US President Barack Obama will embark on his first major African tour later next month, visiting Senegal, Tanzania and South Africa, the White House announced on Monday.
Obama spent only a few hours in Ghana during his
first term but this time he is keen to implement a sweeping new regional
strategy, prioritizing democracy and economic reform.

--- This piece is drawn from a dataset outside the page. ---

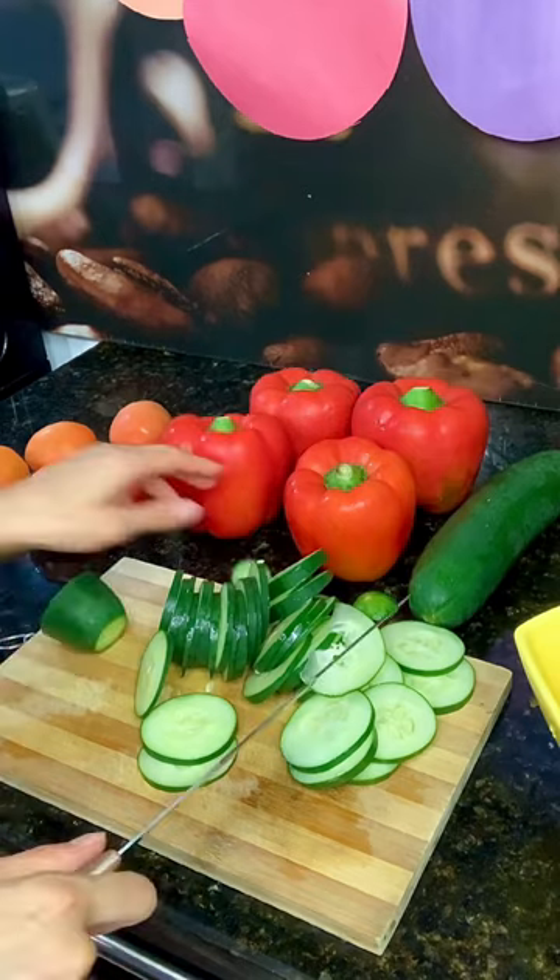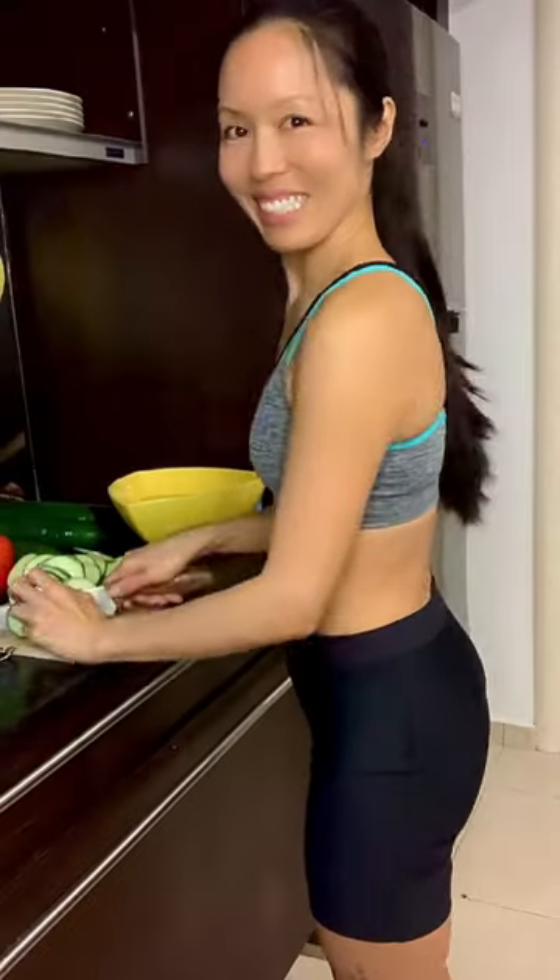When you get to the second end and the cucumber gets hard to control, flip it around so you're holding the fat part to make sure that you don't cut your fingers.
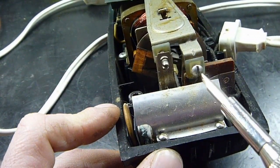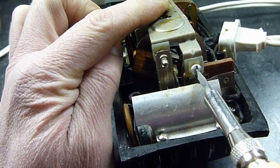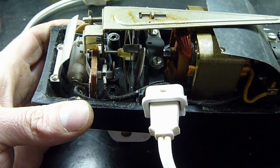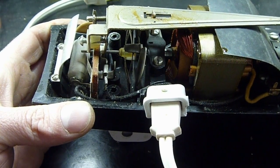While we're in here, let's take this screw and give it about a half turn. And as you can see now, when it's fully forward, that contact is open.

The White House said the long-awaited visit was
intended to underscore Obama's "commitment to broadening and deepening
cooperation between the United States and the people of sub-Saharan
Africa" to advance peace and prosperity.
welcomes
President Obama's planned visit to the country later next month. Obama will be
the second sitting US president to visit Tanzania, after George W. Bush, who
made a historic tour in February 2008.
"President Obama's visit to Tanzania is aimed
at consolidating good and long standing bilateral ties between Washington and
Dar es Salaam. "The visit also underscores the United States endorsement
and recognition of Tanzania's good record on democracy, governance and economic
reforms," said the Director of the Directorate of Presidential
Communications, Salva Rweyemamu.
In his African tour, Obama will meet officials,
businessmen, and civil society leaders, including young people, on the trip
between June 26 and July 3, an unusually long journey for a president who
normally dashes across time zones on trips abroad. His visit to Africa will
follow a similar tour made by his wife Michelle in June 2011, during which she
met former South African President Nelson Mandela.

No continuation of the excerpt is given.